Dust Devil Review

Dust Devil

by Mark Salisbury |
Published on
Release Date:

01 Jan 1992

Running Time:

103 minutes

Certificate:

18

Original Title:

Dust Devil

Having tackled the post-apocalyptic, technological menace of Hardware, South African writer-director Richard Stanley here returns to his roots with a highly ambitious amalgam of splatter movie, Spaghetti Western and arthouse flick.

On the eve of Namibia's independence from its large neighbour, a mythical shape-shifting, hitchhiking serial killer (Burke) is hunting down those individuals for whom life no longer has meaning, disembowelling them and collecting their digits and souls in an effort to return to the spirit world. At each crime scene he paints a series of mystic symbols using the victim's blood, leaving Ben Mukurob (Mokae), the disillusioned black cop investigating the murders and a man plagued by nightmares of his dead son and divorced wife, to seek the help of Joe Nimemand (John Matshikiza), the half mad/half blind projectionist at the local drive-in cinema, to uncover their demonic significance.

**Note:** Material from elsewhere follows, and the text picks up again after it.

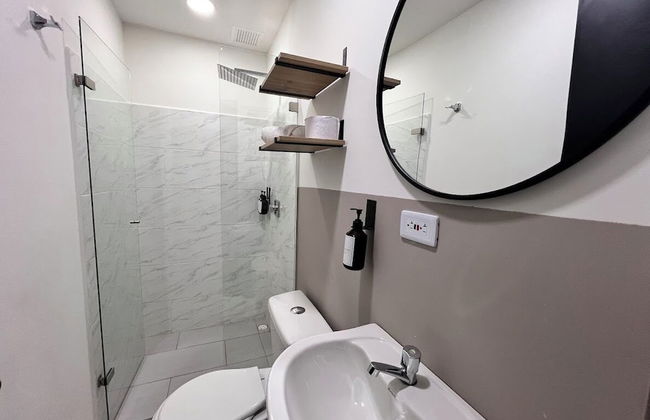 APARTAMENTOS VIRGINIA 34 - Foto 78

Meanwhile, having walked out on her bullying husband, battered white South African Wendy Robinson (Field) flees across the border, heading towards the near-abandoned mining town of Bethany, picking up Burke en route, unaware that his seductive persona spells death. In direct contrast to Hardware's heady MTV-inspired barrage of sound and vision, Stanley opts here for a series of elaborate, languorous tracking shots, borrowing readily from the work of Sergio Leone, with Burke dressed like Clint Eastwood's Man With No Name, and Simon Boswell's score echoing Ennio Morricone's distinctive Dollars sound.

An audacious, highly stylised, intensely personal piece of filmmaking, this owes as much to the work of Alexandro Jodorowsky as it does to Leone's Once Upon A Time In The West, with Stanley fusing his political and social preoccupations and his interest in dreams, magic and witchcraft to quite mesmerising effect. An instant cult classic.